There rarely were any "technically savvy" people taking UFO pictures. It is very easy to fake them. Case in point, I was 13 years old when I faked mine and I had already picked up on forced perspective even though I had never heard about it. I knew nothing about photography at the time, had seldom actually taken a picture and was using my father's Polaroid camera.
Point that "UFO photos can be faked" neither proves nor disproves existence of UFOs.
Everything can be faked, including elections
I digress, but 2 years ago a huge and damaging debate was raging in social sciences because somebody tried to repeat lots of classic experiments and 50% of them failed. Lots of researchers in social sciences distort proper statistics through so called "P-hacking". So, OK, we live in the world where everybody is faking and everything can be faked. Then, the question is, what can one do to get to the bottom of the things?
So, in order to challenge faker what one can do is simply to rise the bar. Instead of looking at only one aspect of the UFO case, one takes multidisciplinary approach and looks from all the aspects available to human knowledge. OK, one can glue a UFO paper cutout on a window glass, but ping on a radar from local airport is a bit more difficult to fake. And there are many such cases where whit multidisciplinary overlap.
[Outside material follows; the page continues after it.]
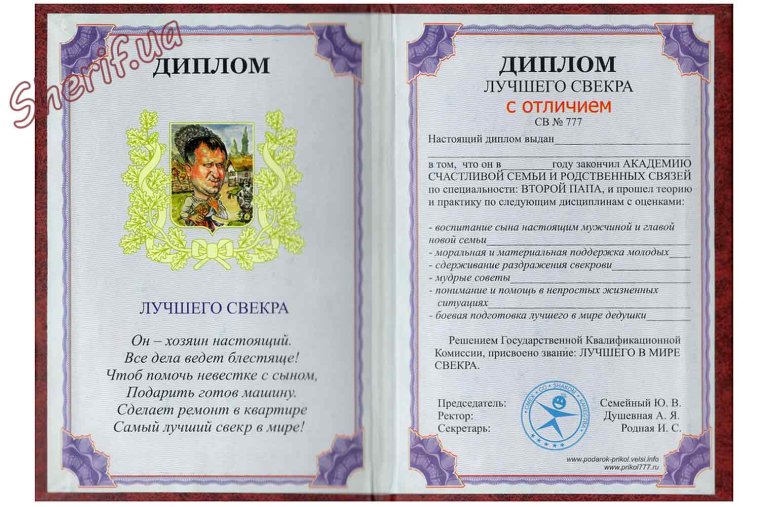 Медаль умница и красавица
A way to verifying UFO cases is about ticking as many boxes as one can.
You are right about many things. I too first look at perspective and lighting of the scene when deciding about truthfulness of UFO picture.
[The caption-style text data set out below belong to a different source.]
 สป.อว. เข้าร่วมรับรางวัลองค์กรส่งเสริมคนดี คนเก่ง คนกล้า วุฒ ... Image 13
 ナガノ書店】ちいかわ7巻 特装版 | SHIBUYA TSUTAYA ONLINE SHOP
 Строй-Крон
But what makes me decide about UFO photo is not UFO photo, but the overall context of that situation. First, I take into account soft-proof or low-hanging-fruit, like social aspects: witness' character, presence of other witnesses, similarity with established trends in other UFO sightings etc.
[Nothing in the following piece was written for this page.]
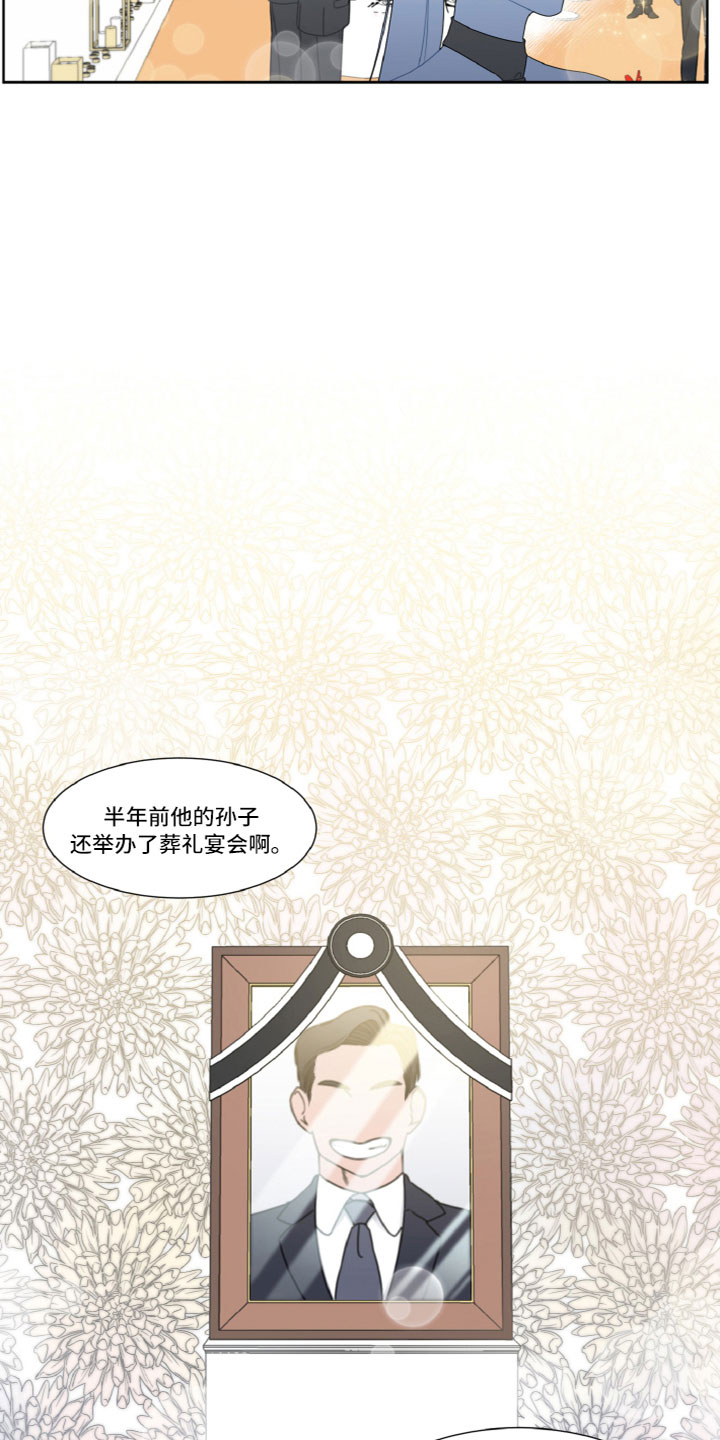 第1章：葬礼3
Second, and by far the most importantly, I take into account the-real-stuff or hard-proofs, like: any physical effect, any electrodynamics or general relativity effects. Although appearance of UFO is a transient event, still the very presence of these electrodynamics and general relativity effects increases veracity of testimony because very few people understand science and these effects are not common in everyday life.
90% of UFO researchers are totally ignorant and only judge a highly scientific UFO event with only geometry and mechanics, aka "common sense". I keep on repeating this and people keep on ignoring it:
common sense is only 1/4 of reality. People who are researching UFOs are lazy lot and they don't want to make an effort to familiarise themselves with a bit of physics, instead they go for trivial stuff that is highly politicised, like government documents. I am not physicist myself, but at least I made an effort to understand basics of how how electrodynamics and general relativity operate. There are tons of simplified educational videos on YouTube and one can understand enough in a matter of weeks.
Anybody who's only using "common sense" is missing 3/4 of reality and his judgement can be ignored. This is what "reality" is in a current grasp of the human scientific knowledge, from the bottom to the top:
1.
Quantum Mechanics
2. geometry and mechanics.
3.
Electrodynamics ( light, radio waves, electricity etc. )
4.
General Relativity.
As you can see, if one is ignoring Electrodynamics & General Relativity one is missing 50% of UFO information. Most quantum mechanics effects can't be observed without special instruments and it can be forgiven.
Questions is,
if one is ignoring 50% of the available information can his opinion even be relevant??? It's literary like, what can a blind person tell you about a colour of the flower he has in his hand?